Let's see, I guess I'll start at the top…
The CEO: I don't even know where to start here. Your ego has supplanted any semblance of trying to maintain a dynamic and effective company, the way you handled the economic downturn was all the proof you need of that. Grow up before you flush the company down the toilet and send 140 people to the unemployment office.
The PR Maven: I would think it would be great to actually have a magazine come to us to do a story rather than you berating everyone at the New York Times until they give in just to shut you up. Then the resulting story would have validity.
The HR Director: I'll make this easy…here are phrases you may not say…ever:
1. If you are speaking to an employee of Mexican descent, you may not say "That’s not how we do things in this country”.
2. You may not refer to an employee as Hispanic when they are in fact from Pakistan.
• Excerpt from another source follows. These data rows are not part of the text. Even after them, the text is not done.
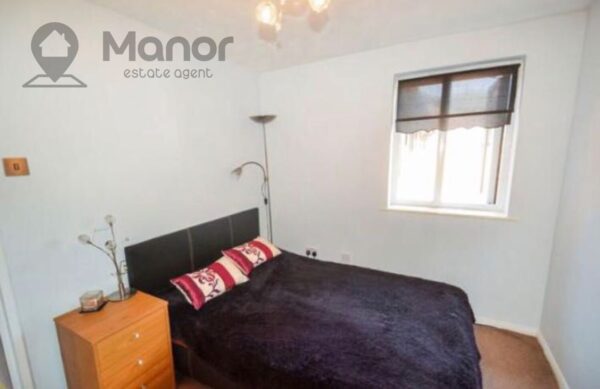 Plumtree Close, Dagenham, RM10 8UA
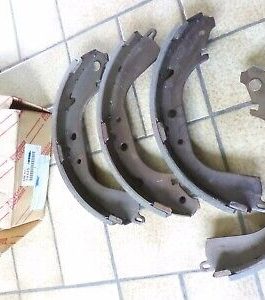 n°sa502 jeu garniture ar toyota dyna hiace land cruiser 0449526111 neuf DPA86
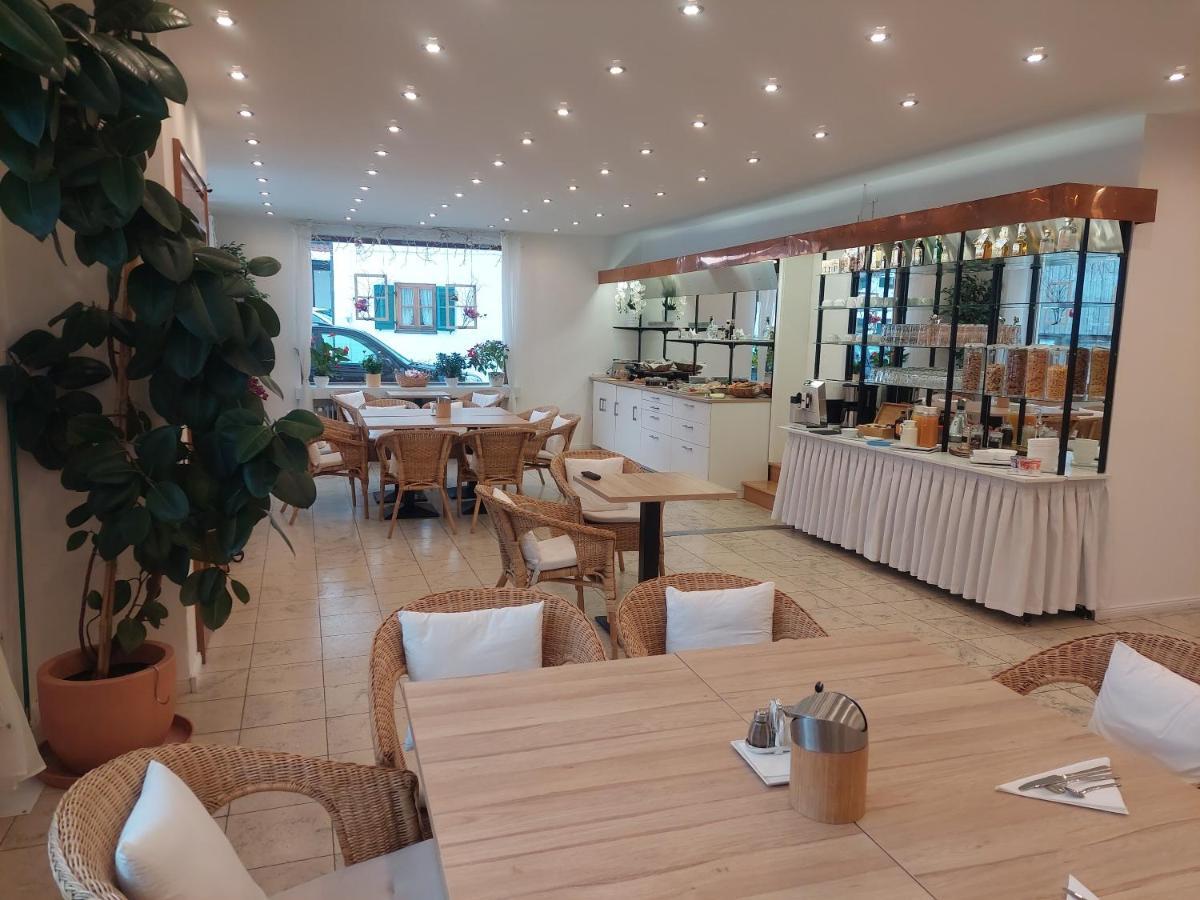 Gaestehaus U Ferienwohnungen Veronika Incl Fruehstuecksbuffet Und Koenigscard Mit 200 Kostenlosen Attraktionen Unterammergau Ngoại thất bức ảnh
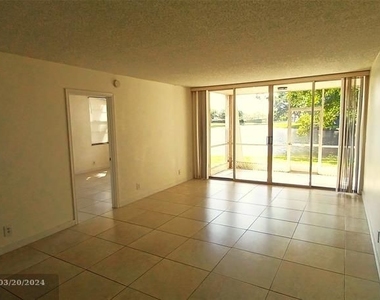 9230 Lagoon Pl - Photo Thumbnail 1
3. When asked for an employee fluent in Korean you shouldn't recommend someone who is Chinese and speaks Mandarin.
The Idea Man: I understand you have a personal preference for a particular pen, however the world simply doesn't stop spinning if you have to wait a day for the order to come in. I realize it seems like your world is crashing down around you but you would do well to remember that people are dying for lack of clean water around the world, your issue is not important in the slightest.
The CFO: Here's a piece of advice. Your job is to tell the owner the financial situation whether its good or bad so he can make a choice on how to steer the ship. When you sugar coat things, there's a good chance he's gonna take us onto the reef at high speed, if you catch my (not subtle at all) meaning.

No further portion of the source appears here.